Anyhow, thanks for listening to my sob story.
February 7, 2006 at 6:44 pm #1061hellbenntKeymasterlori,
can you fax your ped asking for him to please please fax the referral. thank him for all he’s done . send cookies to the office if you have to…
erg. I feel for you.
~laura
February 8, 2006 at 2:49 pm #1152AnonymousInactiveReading your post makes me so mad. I want to give that guy an earful! He just doesnt get it! I cant believe the psych was asking you all of those questions about your childhood and marriage. I dont see how that has anything to do with her eating issues. It seems to me that a lot of these docs are so quick to dismiss a physical cause for eating aversions and instanly jump to a “behavioral” cause. Oh, and the “if she’s gaining weight, she must be fine”, is a bunch of crap! I’ve heard that same line too many times and it just infuriates me to no end. I honestly dont know if I would have been able to contain myself if I had to endure 3 hours of what you did.
When is your next appt. with this psych? And are you still planning on seeing him?
February 8, 2006 at 3:00 pm #1154AnonymousInactivewe’re going on tuesday. I’m going to listen to him, because he plans to share his advice after viewing the video i left. After that, he’d better watch out!
Would you believe that last night my dh actually said “Maybe we should tell him about all the times you would yell or swear.” I wanted to hurt him so badly. Is he for real?!
February 8, 2006 at 3:09 pm #1155AnonymousInactiveLOL, I just have to laugh at your husband. My dh would suggest the EXACT same thing. Except he WOULD tell the doc and he would go on and on and on about all of the bad things I do. He tries to make it comical, but it still ticks me off.

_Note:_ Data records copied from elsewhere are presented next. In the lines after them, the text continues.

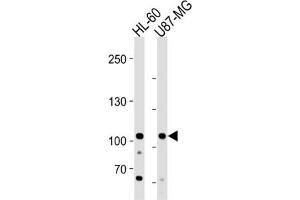 Western Blotting (WB) image for anti-MORC Family CW-Type Zinc Finger 3 (MORC3) antibody (ABIN3004591) (MORC3 抗体)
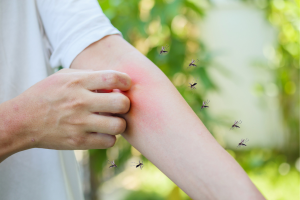 malaria prevention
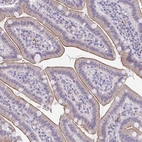 Anti-TMEM92 Antibody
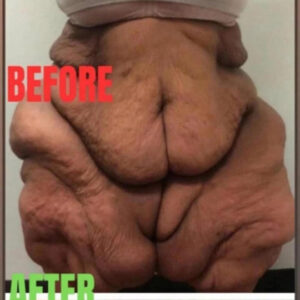 The world’s heaviest woman, who consumed a lot of milkshakes and weighed fifty stone, is no longer recognizable. The world’s heaviest woman, who consumed a lot of milkshakes and weighed fifty stone, is no longer recognizable.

Let us know how it goes on Tuesday. Hopefully he’ll be more helpful this time.
February 8, 2006 at 3:20 pm #1159AnonymousInactiveGood to know I’m not the only one whose husband believes in full disclosure. And it gets much worse. At the appt. the asked dh how he played with Hailey. He said “well after work, we have dinner. Then I take her upstairs so Lori can play with our older one. I usually plunk her in her exersaucer and put on an Einstein video while I work out for 20 minutes. Then I play with her for 20 minutes before Lori gets her ready for bed.” Then the psych asked “is that fun for her?” He said “she seems to like it.” Then he said, “is it fun for you”. (and here’s the kicker)…. My husband actually said “Well, I guess it’s okay. It’s not the thrill of my life or anything if that’s what you mean. My older one can do more so she’s more fun.” I wanted to smack him.

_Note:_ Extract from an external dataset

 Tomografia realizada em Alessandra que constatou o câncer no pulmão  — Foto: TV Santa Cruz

Then when I was talking to the psych about my issues surrounding her feeding, my dh said “Well you know, you say if she’s gaining weight then she’s eating enough. But our older one was huge. Hailey hardly eats, so maybe she’s not as big as she’s supposed to be.” I know he was just trying to help, but come on, you don’t have to be a genius to see that one coming! You should have seen the psych and the student- Their eyes suddenly bulged open as if they were thinking “ah ha, so that’s the problem”. And then they both said, “she’s just the size she’s supposed to be”.
I almost wanted to muzzle my husband to keep him from making any more idiotic comments. After the appointment, they scheduled the next one, and I told the doc that my husband would not be able to attend (or should I say I didn’t want him to). Well he said, “oh, I think he better come”. I’m still trying to convince him to stay at work!!!